In Diary of an Algerian Student in Moscow (2016), L. Babari undertakes a different kind of documentation and transmission, working on still under-researched histories of circulation in geography and of images. The work links her to a genealogy of experimental film produced by students from countries of the Global South studying cinema in Eastern Europe.
Alongside her work in collage, L. Babari began experimenting with sound starting in 2010, using both text and voice in her creations. Lecture (2017) is a moving recital-lesson wherein the artist has her own daughter read the 1957 plea made by lawyer Jacques Vergès for Djamila Bouhired, an activist with Algeria’s National Liberation Front. Through it, a moment of translation and intergenerational transmission of a painful history is rendered visible. Voix publiques (2018) presents a different kind of plea: a collection of poetic, theoretical and literary texts from different authors engaging in political struggle are brought together, forming a cartography of voices in English, Arabic, Bambara, Creole, French, Kabyle, Russian and Wolof. Affects (2017) is a one-take reading by two actors of a chapter from Frantz Fanon’s 1952 book Black Skin, White Masks, in which we hear the actors’ voices engaging with the theoretical text, bringing their own affects and relationships to this major work of decolonial thought.

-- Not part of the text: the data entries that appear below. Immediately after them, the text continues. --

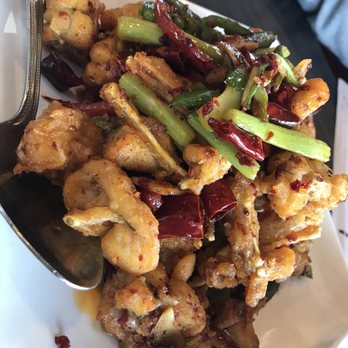 Sichuan Folk - Szechuan Near Me - Plano, Texas Sichuan Folk - Szechuan Near Me - Plano, Texas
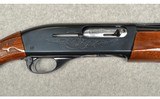 Remington ~ 1100 ~ 16 Gauge - 3 of 10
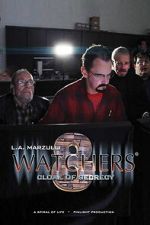 Watch Watchers 8: Cloak of Secrecy M4ufreemovies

L. Babari returned to drawing in 2020, while continuing to experiment in clay sculpture with pieces such as Autoréférence (2019), a white clay autobiographical work; video also remains an integral part of her research. Her work has been exhibited at the Centre Pompidou, MAC VAL, Kadist, David Roberts Art Foundation, Musée du Quai-Branly, Mucem, the Dakar Biennale, and the 2022 Biennale of the Frac Centre. It is included in the collections of the Musée d’Art Moderne d’Alger, Centre National des Arts Plastiques, Frac Centre Val de Loire et Occitanie, and the Musée des Abattoirs in Toulouse.